#### RECORDS TO USE ####

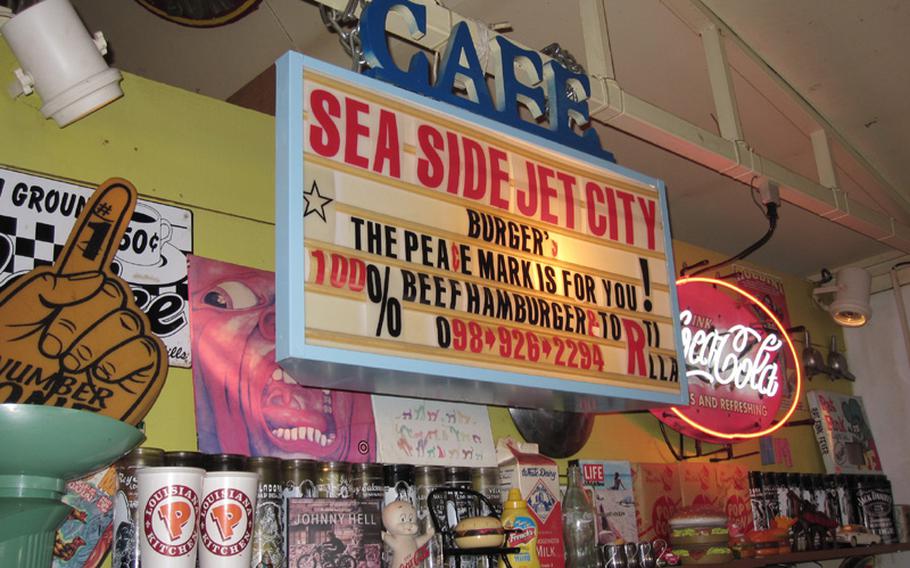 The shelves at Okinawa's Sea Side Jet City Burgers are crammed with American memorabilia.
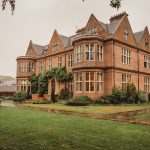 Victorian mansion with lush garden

####
#### RECORDS TO USE ####

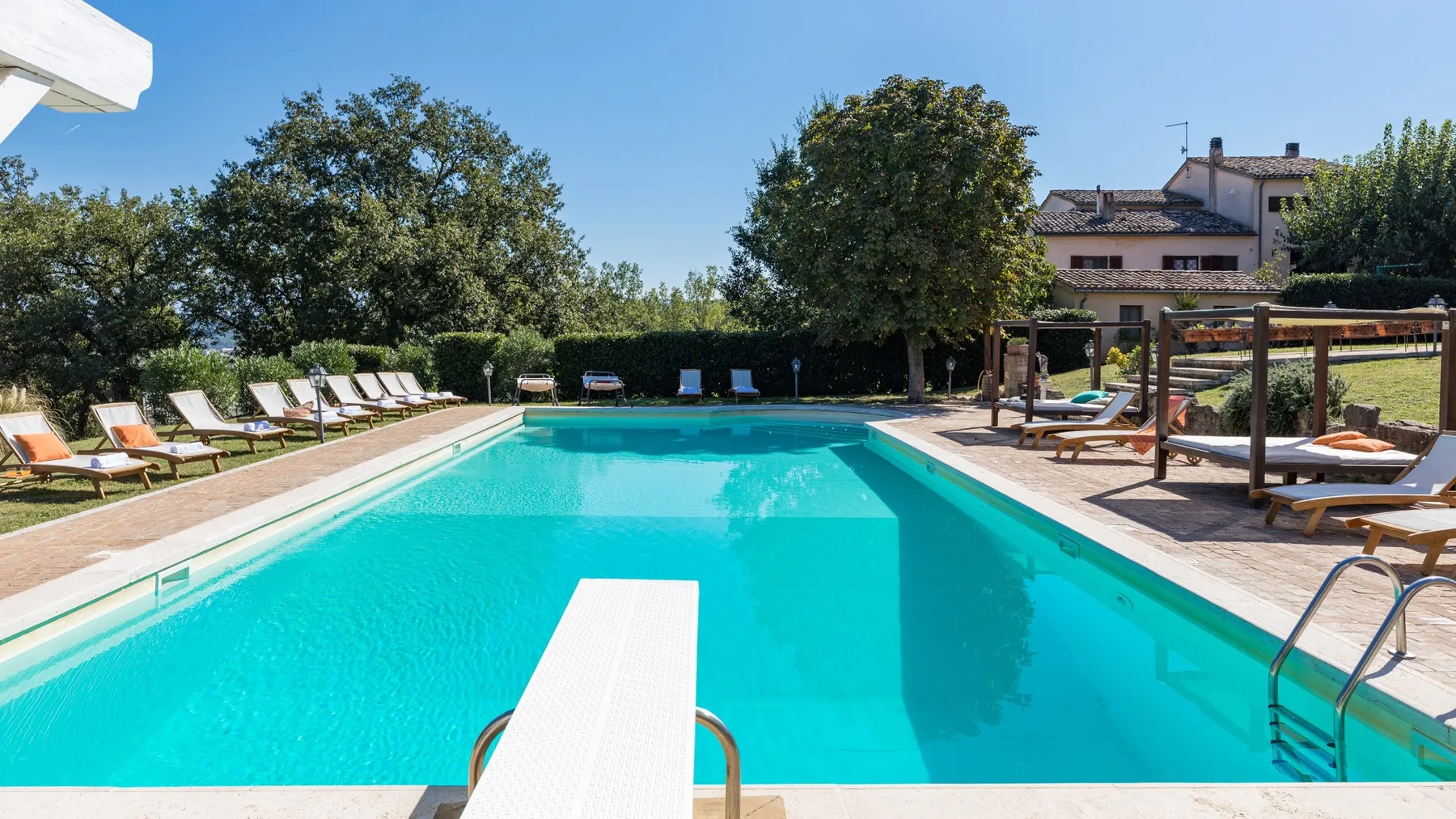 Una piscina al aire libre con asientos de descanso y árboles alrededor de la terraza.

####

◆ **WHAT NEEDS TO BE DONE**:
Up in the listing, locate the line with "The shelves at"; print it and every line after it down to the line with "Victorian mansion with lush garden", which is included too. Skip the pictures.

◆ **ANSWER TO THE PROBLEM**:
 The shelves at Okinawa's Sea Side Jet City Burgers are crammed with American memorabilia.
 Victorian mansion with lush garden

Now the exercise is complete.